Eurosceptic votes are less likely when EU interventions visibly boost local job markets

0 comments | 2 shares

Estimated reading time: 5 minutes

Riccardo Crescenzi

Marco Di Cataldo

Mara Giua

November 16th, 2019

Eurosceptic votes are less likely when EU interventions visibly boost local job markets

0 comments | 2 shares

Estimated reading time: 5 minutes

Anti-systemic political movements have emerged in recent years in a large number of countries across the globe. These parties generally fuel their public support with anti-elite and anti-establishment rhetoric, which in Europe often translates into a strong critique to the European Union and its institutions. The EU is regarded by the supporters of anti-system movements as distant from the real, day-to-day, economic challenges  and as a binding constraint to the capacity of national governments to deliver a more equitable distribution of prosperity. The inability of mainstream politics – of which the EU is seen as a natural expression – to deliver timely and credible answers to the economic needs of large strata of the electorate has been linked to electoral behaviour by a growing body of research (e.g. Rodrik, 2018; Guiso et al., 2018). However, it remains unclear how the EU can practically make a difference to the economic prospects of millions of EU citizens and, through its visible impact, influence their electoral preferences.

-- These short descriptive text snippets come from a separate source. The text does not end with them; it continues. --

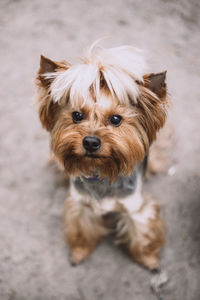 Portrait of cute dog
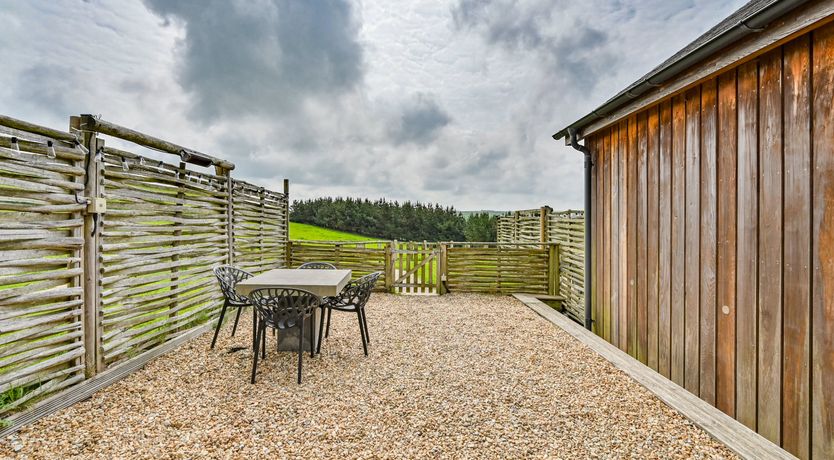 Photo of Swirling Stars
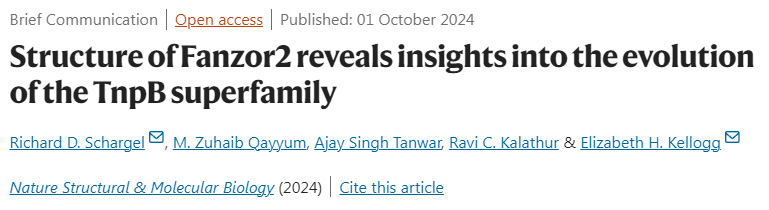 
Fanzor2的結(jié)構(gòu)揭示了TnpB超家族進(jìn)化的見解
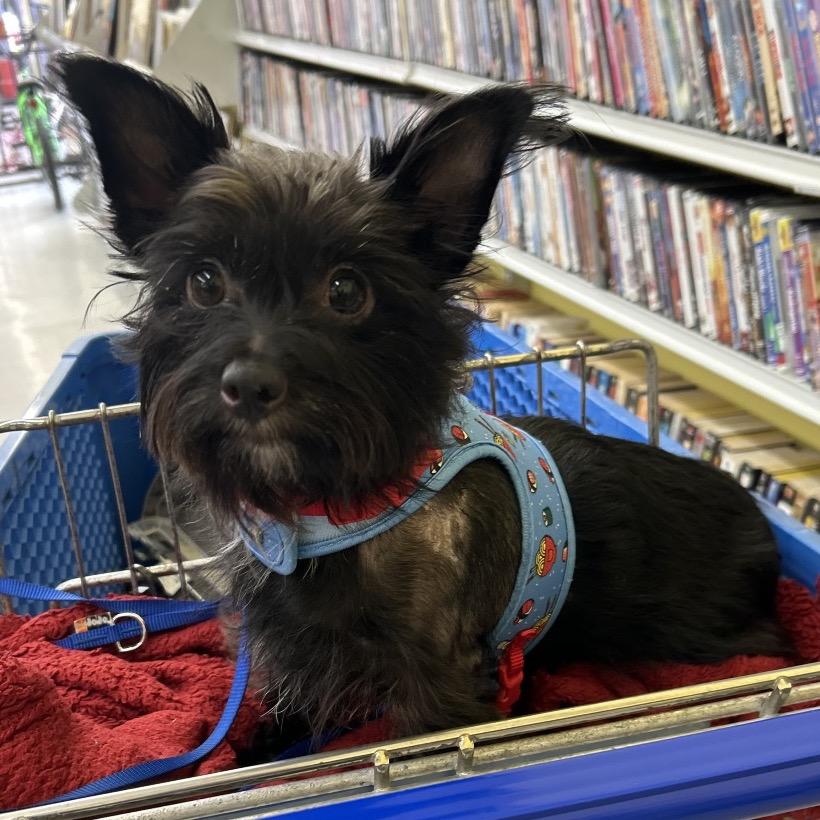 Enlarge Digby, a Adoptable mixed breed in Kansas City, MO image 3/4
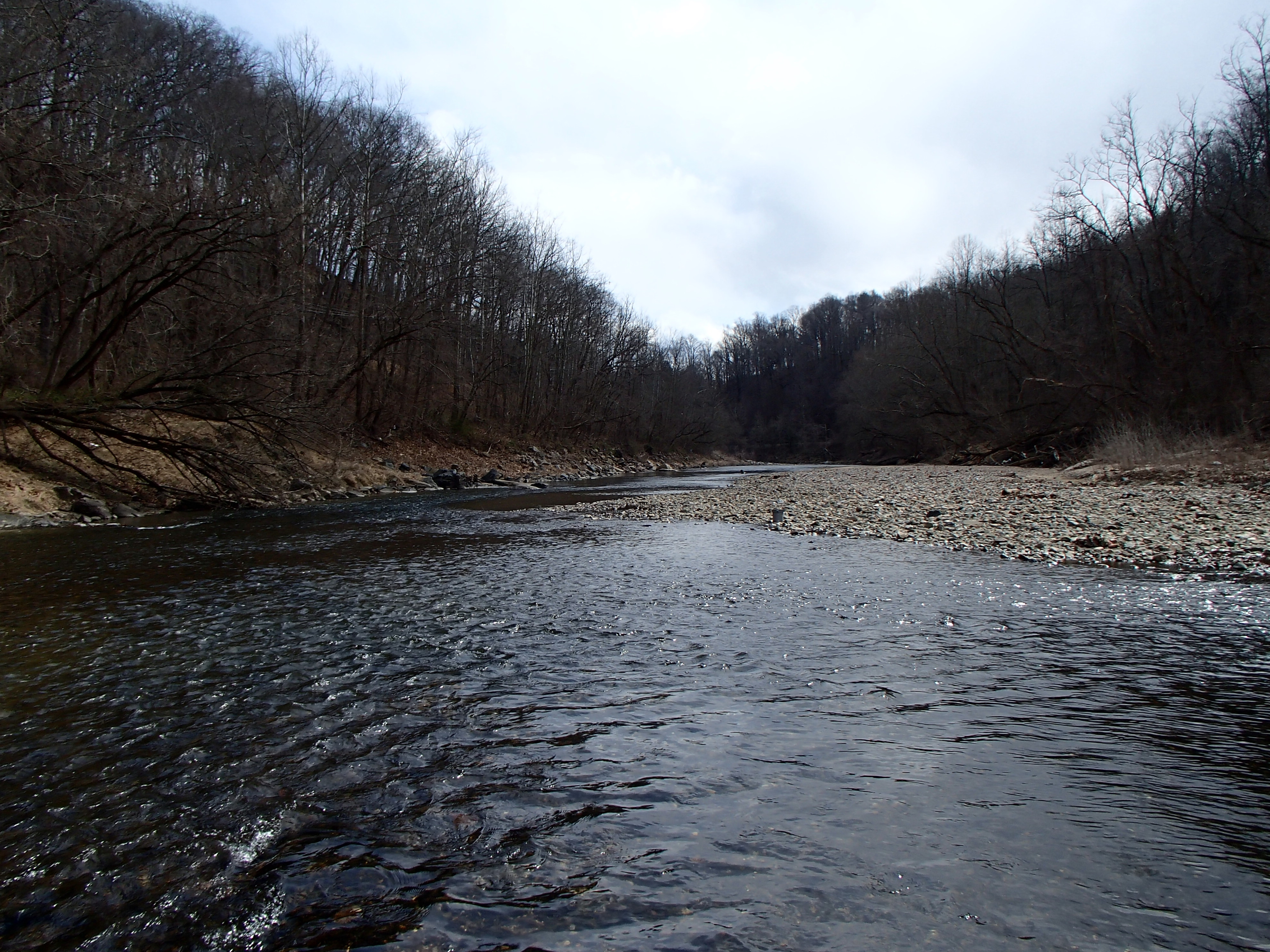 Field photo showing stream conditions at site PATL-B09-X-2017-MidpointFacingDownstream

The majority of the benefits from the process of economic integration materialise through adjustments in prices and quantities that are difficult for citizens to directly link to EU policies. However, a set of concrete policy actions – funded through the EU budget – are intended to visibly and clearly impact the economic opportunities available to EU citizens. Among those, the lion’s share of financial resources goes to regional development interventions under the EU Cohesion Policy.

Our recent study leverages the case of the EU structural funds, the key EU policy tool targeting the economic challenges that have been linked to the world-wide rise of anti-system electoral preferences. The study exploits a quasi-experimental setting in the UK context, where some territories were classified as ‘in highest need’ of socio-economic support by the EU – and hence entitled to receive the highest form of EU funding – when the referendum on Brexit was held. The paper investigates whether this ‘special’ treatment in terms of EU financial support has influenced the vote at the referendum in beneficiary areas.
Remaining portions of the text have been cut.